Weinbergsphähle aus Metall und Holz; Auszeilen und Setzen der Holzpfähle; Bohren des Pflanzloches; gegen Wildschäden geschützte Jungpflanze













In diesem Zusammenhang können größere - genehmigungspflichtige - Veränderungen der Geländestruktur vorgenommen werden. Sie umfassen zum Beispiel die Anlage von breiten, befestigten Fahrwegen, um bei wachsender Bedeutung der mechanischen Weinbergsarbeit auch den Einsatz größerer Geräte zu ermöglichen. Zunehmend werden in Hanglagen anstelle der in Gelände-Fallinie ausgerichteten Rebzeilen Querterrassen unterschiedlicher Breite (von 3 bis zu 50 Metern) für die Querbauweise von Rebzeilen geschaffen. Je nach Hangneigung und Bodenbeschaffenheit schließen sie Lauf- und Fahrterrassen ein. Damit wird eine wirtschaftlich verbesserte Bearbeitung des Weinberges sowie Verhinderung von Boden- und Wassererosion erreicht.

Querterrassierung in Hanglage mit schmalen Laufterrassen und befestigen Fahrwegen












Nach Aushauen und Entfernen der alten Reben wird das Gelände für die Pflanzung durch Vorrats- und Tiefen-Düngung und eine gründliche Bodenbearbeitung (Roden oder Rigolen) für die Pflanzung vorbereitet. Dazu gehört die bereits erwähnte Anlage von Wirtschaftswegen und Wasserrinnen. Es folgt das sogenannte Ab- oder Auszeilen mit dem der Abstand der einzelnen Pflanzstellen, die Durchgänge und Zeilenbreiten festgelegt werden. Pflanzdichte und Abstände der Zeilen und Gassen richten sich nach optimaler Besonnung, der jeweiligen Erziehungsart der Rebe und der Bewirtschaftungstechnik, die ihrerseits oft wiederum von der Topographie des Geländes abhängig ist.
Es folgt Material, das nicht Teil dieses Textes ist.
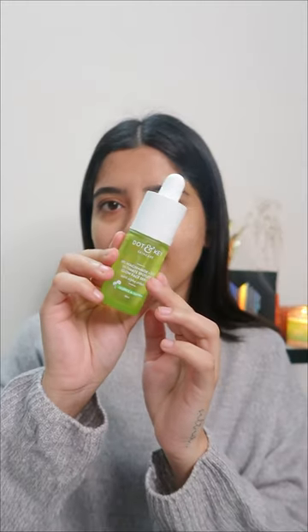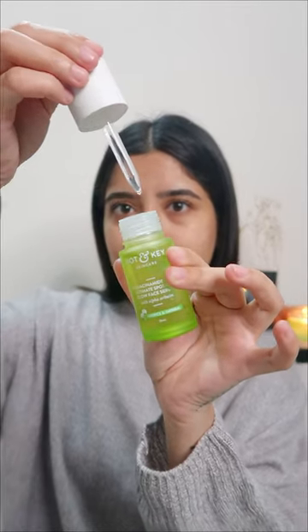That's what I was doing, and I applied a Dot and Key lip balm. Now on to the skincare for tonight — I'm going to use the Dot and Key 10% Niacinamide plus Cica Ultimate Spotless Glow face serum.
Die entsprechend hergerichteten Weinberge werden – oftmals nachdem sie einige Jahre brach gelegen haben – meistens im Frühsommer oder Herbst wieder bepflanzt. Nach zuvor sorgfältiger Pflanz-Planung und -Berechnung (je nach Stockabstand und Gassenbreite werden für einen Hektar zwischen 1500 bis 7000 Pflanzreben benötigt) werden die Pflanzlöcher gegraben. Unmittelbar vor dem manuellen oder maschinellen Setzen werden die Pfropfreben mit Rückschnitt des Triebes und der Wurzel des Edelreises für die Pflanzung vorbereitet. Nach dem Einpflanzen wird der Setzling mit einem kleinen Pflanzpfahl markiert. Kurz darauf werden die eigentliche Unterstützungspfähle oder die Drahtrahmen für die Reberziehung angebracht.
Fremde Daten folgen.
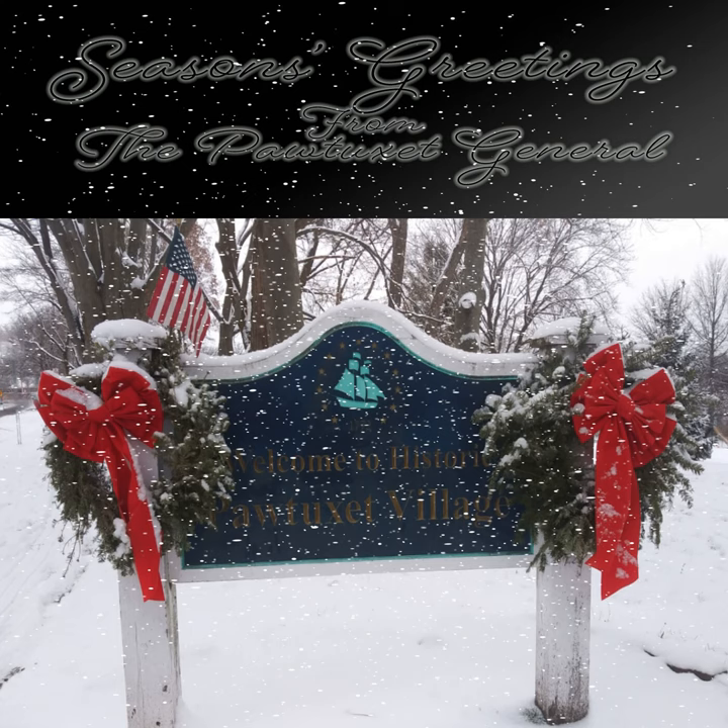Scrooge never painted out old Marley's name. There it stood, years afterward, above the warehouse door: Scrooge and Marley. The firm was known as Scrooge and Marley. Sometimes people new to the business called Scrooge Scrooge, and sometimes Marley, but he answered to both names — it was all the same to him. But he was the tight-fisted hand at the grindstone, Scrooge — a squeezing, wrenching, grasping, scraping, clutching, covetous old sinner. Hard and sharp as flint, from which no steel had ever struck out generous fire. Secret and self-contained, and solitary as an oyster. The cold from within him froze his old features, nipped at his pointed nose, shriveled his cheek, stiffened his gait.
Für die Reberziehung an Drahtrahmen werden als „Stickel“ Pfähle aus verschiedenen Materialien verwendet, wie – traditionell - runde Pfähle aus imprägniertem Holz oder moderne dauerhafte Pfähle aus Kunststoff, Metall, verzinktem Stahl oder Beton. Der Abstand der jeweiligen Pflanzstellen hängt von der Erziehungsart der Rebe ab. Neben wirtschaftlichen sind dafür vor allem klimatische Bedingungen ausschlaggebend. In Gebieten mit geringem Niederschlag und hoher Sonneneinstrahlung werden die Reben in größerem Abstand gepflanzt (Weitraumanlagen). Zweige und Blätter entfalten sich relativ dicht über dem Boden, der dadurch beschattet wird und nicht zu schnell austrocknet. Bei der Rahmen- und Stockerziehung hingegen sollen möglichst viele Blätter der Sonneneinstrahlung ausgesetzt sein, die Auszeilung muss dabei speziell auf den Einfallwinkel der Sonneneinstrahlung im Tagesverlauf sowie auf Einflüsse von Wind und Niederschlägen ausgerichtet werden.
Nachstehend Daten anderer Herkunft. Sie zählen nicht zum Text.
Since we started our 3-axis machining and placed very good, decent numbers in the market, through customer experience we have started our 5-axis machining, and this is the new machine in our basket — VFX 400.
In den ersten Jahren nach der Pflanzung benötigt die Rebe im „Jungfeld“ bei den Laubarbeiten durch das Ausbrechen der Triebe sowie die Schädlingsbekämpfung und Bodenbearbeitung besondere Pflege. Sie umfasst auch schützende Maßnahmen gegen Wildverbiss, vor allem von Hasen und Kaninchen, die junge Triebe abfressen. Dagegen werden unterschiedlichste Verfahren eingesetzt, von Schutzhüllen, die über die Jungpflanze gestülpt werden, bis zu meist biologischen Schutzmitteln auf der Basis spezieller Geruchs- und Geschmacksstoffe. Ähnliche Abwehrmethoden werden auch zum Schutz älterer Reben eingesetzt, zu denen auch die aufwendige aber effektive Umzäunung der Rebanlage mit Maschendraht- und Elektrozäunen gehört.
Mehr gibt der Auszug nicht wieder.